PHOENIX -- The weather was gorgeous -- per usual -- and there was no shortage of news from the first full day of meetings at the Arizona Biltmore.
Here are five things to know from a truly landmark day in the league's history.
- The Oakland Raiders became the third team in 14 months to announce their plans to relocate, as they'll become the first team in league history to call Las Vegas their home.
The league's owners voted in favor of the move, 31-1, just before lunch Monday. It needed just 24 to pass.
"My father used to say that the greatness of the Raiders is in its future, and the opportunity to build a world-class stadium in the entertainment capital of the world is one opportunity that will give us the ability to achieve that greatness," said Raiders owner Mark Davis.
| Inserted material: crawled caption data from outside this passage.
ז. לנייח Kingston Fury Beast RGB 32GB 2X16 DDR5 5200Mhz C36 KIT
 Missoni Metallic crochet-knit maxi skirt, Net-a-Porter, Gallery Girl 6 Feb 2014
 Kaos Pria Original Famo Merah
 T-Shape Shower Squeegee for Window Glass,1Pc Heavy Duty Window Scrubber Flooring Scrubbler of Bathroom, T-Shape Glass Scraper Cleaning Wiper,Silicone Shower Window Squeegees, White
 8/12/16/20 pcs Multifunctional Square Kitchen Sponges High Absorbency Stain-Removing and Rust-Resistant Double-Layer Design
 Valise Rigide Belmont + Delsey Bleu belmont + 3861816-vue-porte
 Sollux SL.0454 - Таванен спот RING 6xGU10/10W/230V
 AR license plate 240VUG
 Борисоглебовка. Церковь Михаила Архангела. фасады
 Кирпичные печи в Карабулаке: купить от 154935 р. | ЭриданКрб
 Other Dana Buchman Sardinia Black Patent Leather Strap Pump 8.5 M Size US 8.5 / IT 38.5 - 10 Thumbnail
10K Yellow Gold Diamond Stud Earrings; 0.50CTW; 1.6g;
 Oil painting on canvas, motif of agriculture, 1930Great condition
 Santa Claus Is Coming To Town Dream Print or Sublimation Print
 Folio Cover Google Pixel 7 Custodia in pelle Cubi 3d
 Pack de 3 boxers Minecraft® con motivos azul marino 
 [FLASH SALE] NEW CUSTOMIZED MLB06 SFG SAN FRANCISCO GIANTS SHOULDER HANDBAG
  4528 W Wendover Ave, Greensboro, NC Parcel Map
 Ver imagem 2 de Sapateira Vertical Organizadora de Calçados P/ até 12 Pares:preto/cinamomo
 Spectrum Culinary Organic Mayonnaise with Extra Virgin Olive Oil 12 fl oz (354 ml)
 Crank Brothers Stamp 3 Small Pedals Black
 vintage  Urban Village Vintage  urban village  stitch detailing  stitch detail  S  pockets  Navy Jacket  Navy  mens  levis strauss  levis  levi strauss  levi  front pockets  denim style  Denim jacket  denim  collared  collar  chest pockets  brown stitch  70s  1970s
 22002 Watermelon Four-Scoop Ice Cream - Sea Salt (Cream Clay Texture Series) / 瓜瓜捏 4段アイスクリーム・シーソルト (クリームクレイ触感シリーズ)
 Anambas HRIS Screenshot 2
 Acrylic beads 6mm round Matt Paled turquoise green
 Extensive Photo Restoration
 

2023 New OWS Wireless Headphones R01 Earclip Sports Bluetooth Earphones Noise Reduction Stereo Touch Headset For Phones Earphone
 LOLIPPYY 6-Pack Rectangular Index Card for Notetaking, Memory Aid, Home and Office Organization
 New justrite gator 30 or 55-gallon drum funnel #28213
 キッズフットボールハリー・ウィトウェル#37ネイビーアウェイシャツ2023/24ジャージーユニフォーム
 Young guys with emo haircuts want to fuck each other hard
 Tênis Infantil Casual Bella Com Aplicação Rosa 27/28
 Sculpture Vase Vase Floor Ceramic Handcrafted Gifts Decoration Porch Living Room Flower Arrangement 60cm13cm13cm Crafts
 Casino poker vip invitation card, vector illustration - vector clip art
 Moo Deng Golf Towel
It just won't be an immediate move. A stadium in Las Vegas won't be ready until 2020, and the Raiders are committed to playing in Oakland in 2017 and 2018. The team does not have a confirmed site for 2019.
That means the Browns could play in one of the final games in Oakland when they travel to play the Raiders in 2018. When it comes to Las Vegas, the latest possible date for the Browns' first trip to the Raiders' new home would be 2024. If the teams finish in the same spot within their respective division in 2022, they would be set to meet in Las Vegas in 2023.
- Browns owners Dee and Jimmy Haslam cast one of the 31 "yes" votes for the Raiders' move. Jimmy Haslam explained why during a session with local reporters later in the day.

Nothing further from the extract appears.